[WORK INSTRUCTION]: Nothing but the lines from the one with "Optima Collection Podil" down to the one with "Unused 2025 Wolverine" should be returned, exactly and with both ends included, from the material below.

[AVAILABLE RECORDS]:

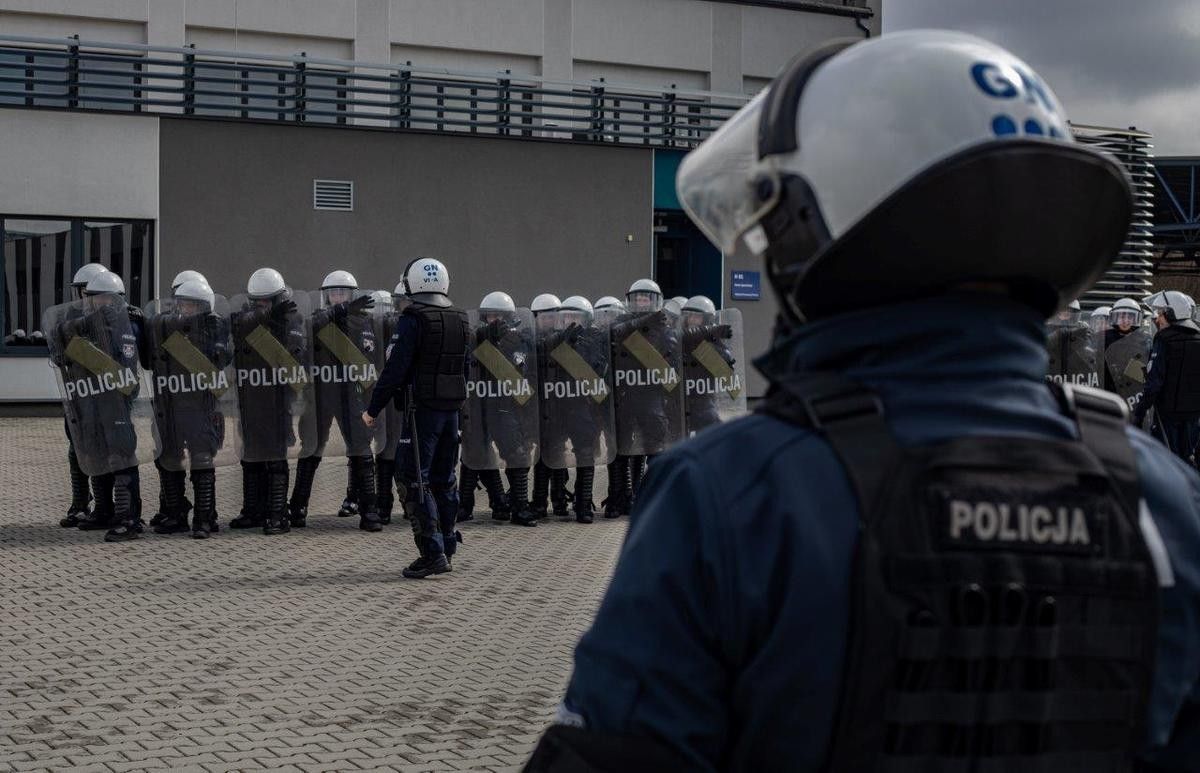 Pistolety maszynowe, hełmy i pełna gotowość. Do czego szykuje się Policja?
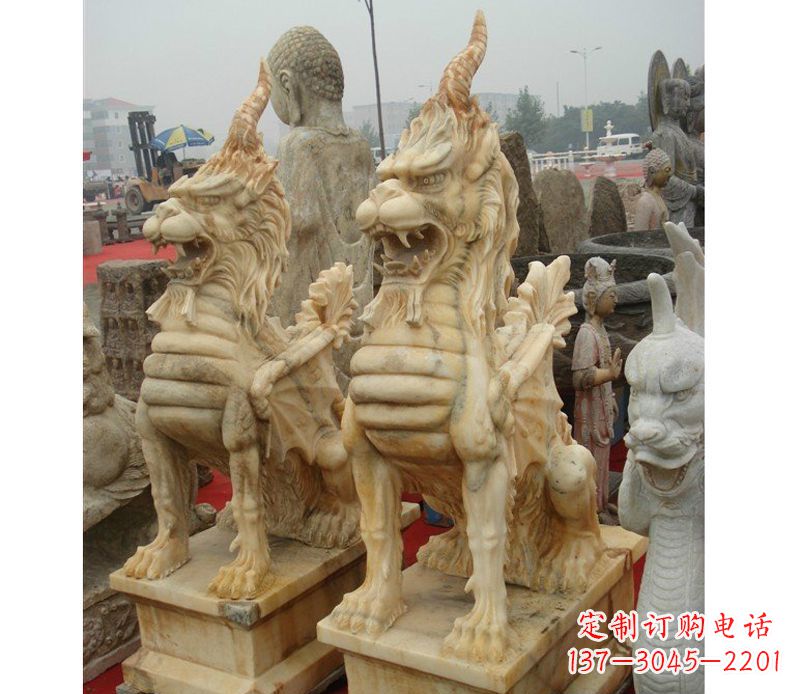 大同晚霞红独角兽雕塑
==
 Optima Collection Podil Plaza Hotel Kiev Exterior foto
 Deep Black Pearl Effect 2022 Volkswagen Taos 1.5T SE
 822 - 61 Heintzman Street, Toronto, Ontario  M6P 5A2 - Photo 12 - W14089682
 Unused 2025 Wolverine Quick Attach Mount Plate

[RESULT OF THE EXERCISE]:
 Optima Collection Podil Plaza Hotel Kiev Exterior foto
 Deep Black Pearl Effect 2022 Volkswagen Taos 1.5T SE
 822 - 61 Heintzman Street, Toronto, Ontario  M6P 5A2 - Photo 12 - W14089682
 Unused 2025 Wolverine Quick Attach Mount Plate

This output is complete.